For the same retail data, try an STL decomposition applied to the Box-Cox transformed series, followed by ETS on the seasonally adjusted data. How does that compare with your best previous forecasts on the test set?
lambda <- BoxCox.lambda(myts.train)
stl_bc_myts.train <- stlf(myts.train, lambda = lambda)
autoplot(myts.train, series = "train") +
autolayer(stl_bc_myts.train, series = 'STL')
## ME RMSE MAE MPE MAPE MASE
## Training set -0.0869377 10.96624 8.08034 -0.1557821 3.912306 0.4871023
## Test set -13.1422085 17.30462 13.62739 -3.9151171 4.049466 0.8214921
## ACF1 Theil's U
## Training set 0.05392764 NA
## Test set 0.46703067 0.2568401
## ETS(M,A,N)
##
## Call:
## ets(y = seasadj(decompose(myts.train, "multiplicative")))
##
## Smoothing parameters:
## alpha = 0.3018
## beta = 1e-04
##
## Initial states:
## l = 99.4918
## b = 0.7645
##
## sigma: 0.0581
##
## AIC AICc BIC
## 3733.387 3733.564 3752.605
##
## Training set error measures:
## ME RMSE MAE MPE MAPE MASE
## Training set -0.09743706 12.71705 9.377922 -0.3826849 4.445302 0.5612921
## ACF1
## Training set 0.1039097
autoplot(myts.train, series = 'Train') +
autolayer(forecast(ets_myts.train, h = 24, PI=F), series = "Forecast")

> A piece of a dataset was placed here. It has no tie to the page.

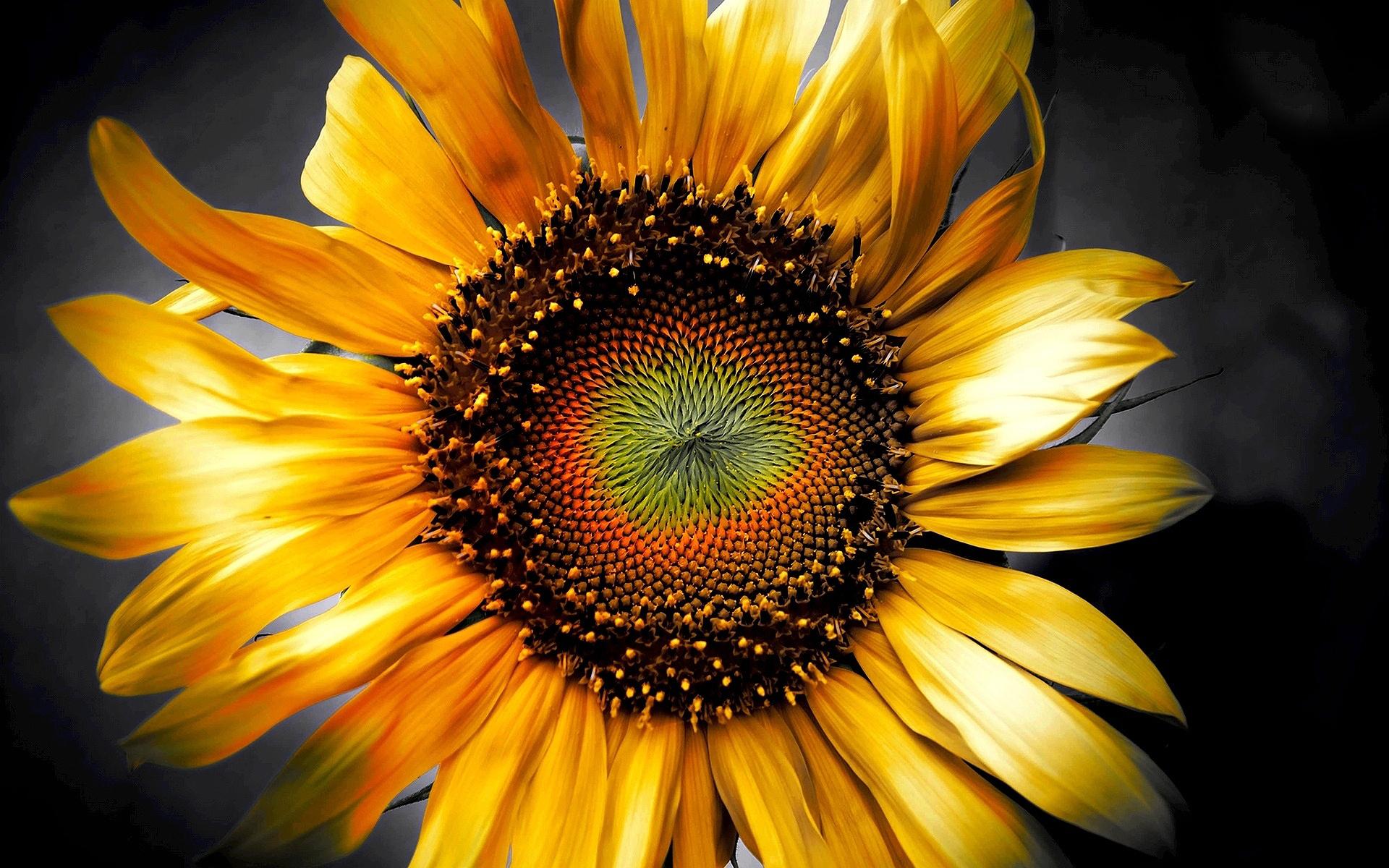 Descarga gratis la imagen Flores, Flor, De Cerca, Girasol, Flor Amarilla, Tierra/naturaleza en el escritorio de tu PC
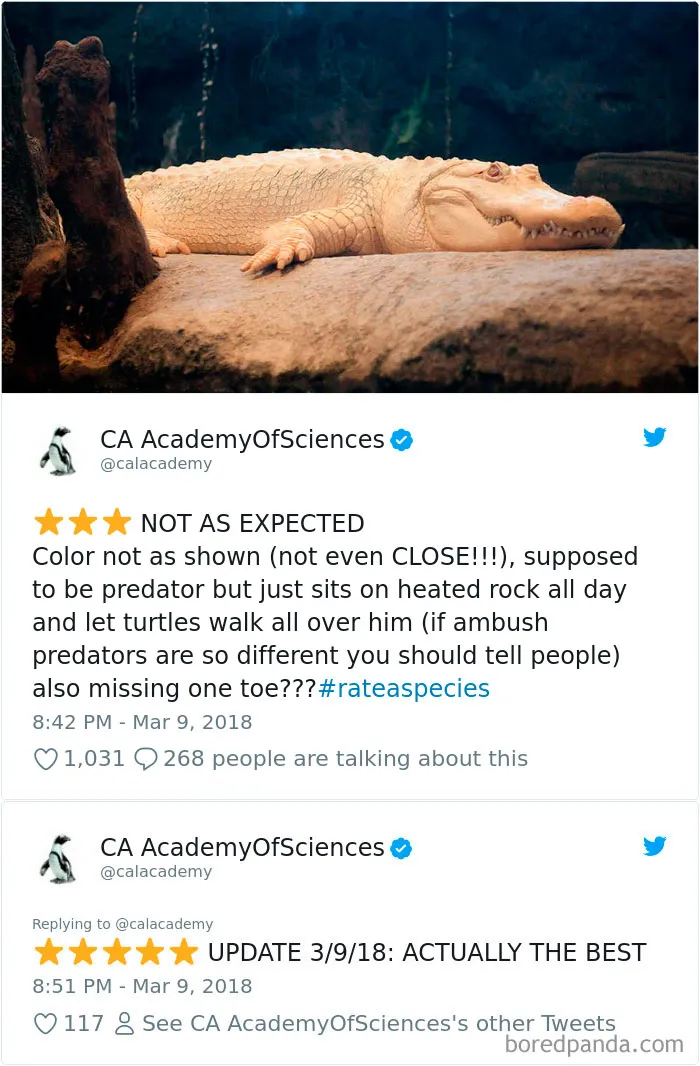 Zoos Are Posting Hilarious Amazon-Like Reviews Of Their Animals, And We Can’t Get Enough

## ME RMSE MAE MPE MAPE MASE
## Training set -0.09743706 12.71705 9.377922 -0.3826849 4.445302 0.5612921
## Test set -6.43858962 67.52464 43.387035 -4.6908003 11.580734 2.5968227
## ACF1 Theil's U
## Training set 0.1039097 NA
## Test set 0.1414676 0.9691795
The previous forecasts (STL) are better due to their RMSE score being lower than the one produced by ETS.